* [Task data]
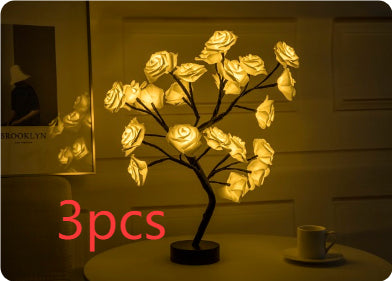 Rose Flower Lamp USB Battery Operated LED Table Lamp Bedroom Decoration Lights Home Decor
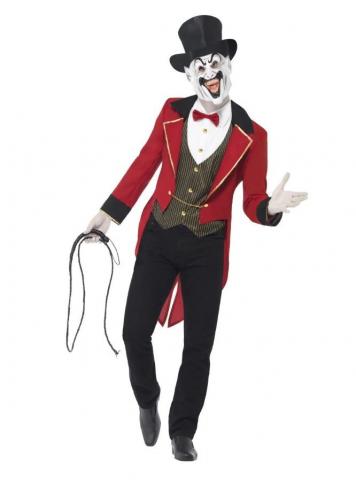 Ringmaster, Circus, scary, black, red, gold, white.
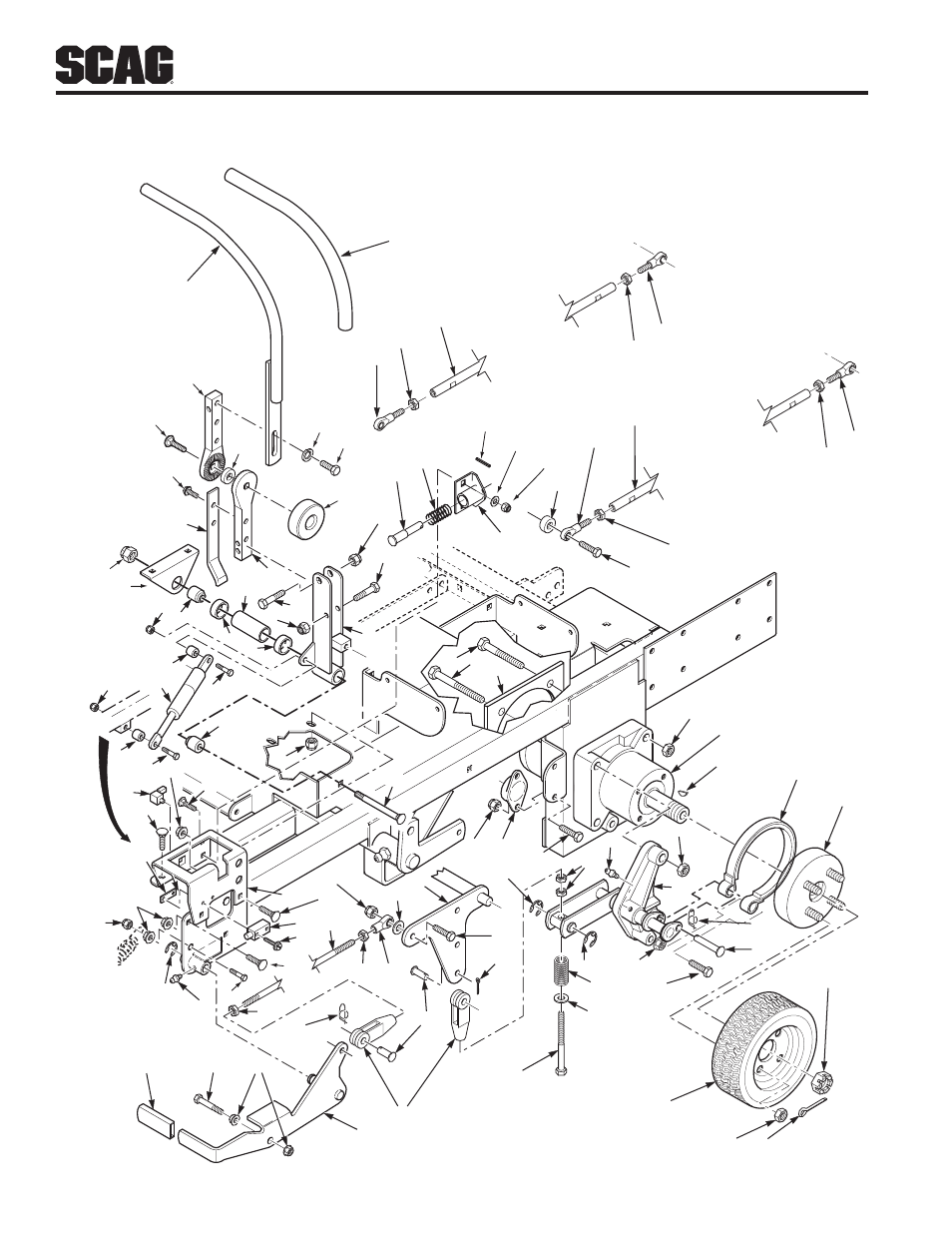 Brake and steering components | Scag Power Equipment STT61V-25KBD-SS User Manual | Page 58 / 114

* * *

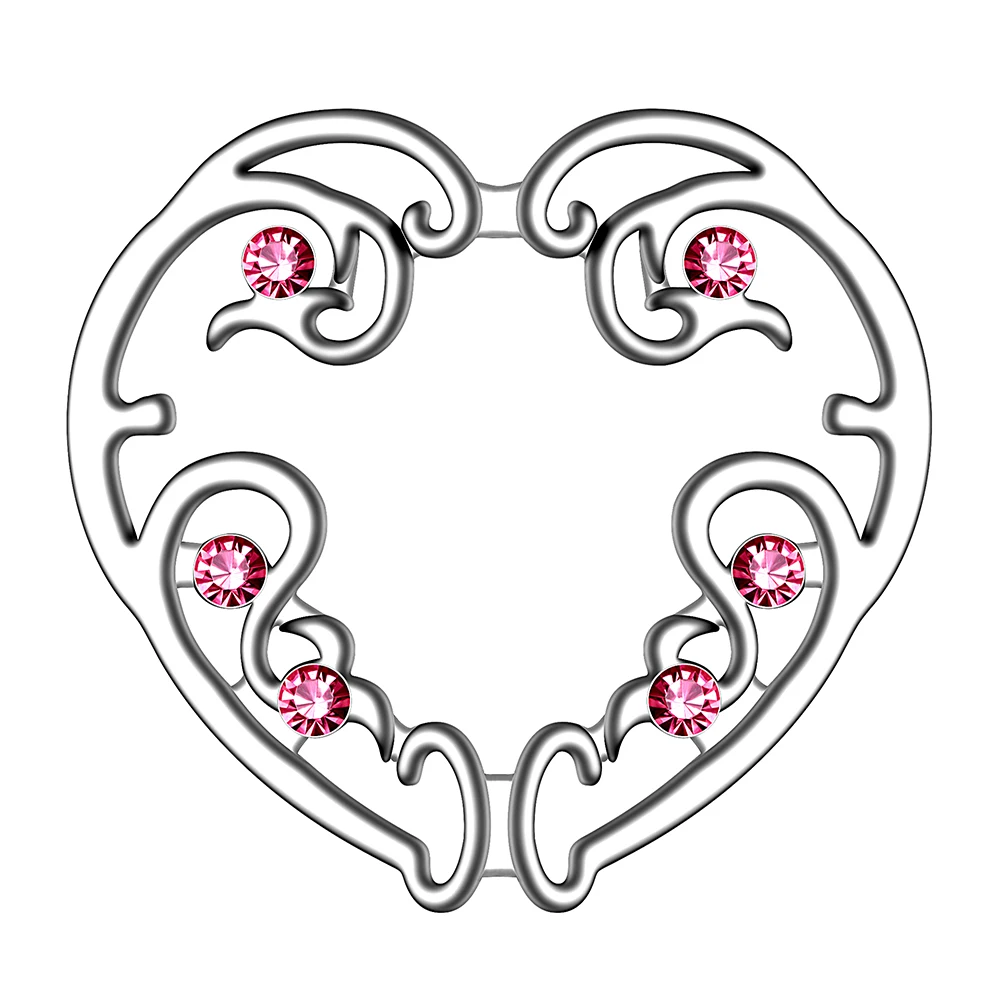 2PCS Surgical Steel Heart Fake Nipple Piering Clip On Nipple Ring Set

* [Assigned task]
Starting at the line containing "Ringmaster, Circus, scary, black, red, gold, white." and finishing at the line containing "Brake and steering", return those lines exactly as they appear above, without the pictures.

* [Problem solution]
 Ringmaster, Circus, scary, black, red, gold, white.
 Brake and steering components | Scag Power Equipment STT61V-25KBD-SS User Manual | Page 58 / 114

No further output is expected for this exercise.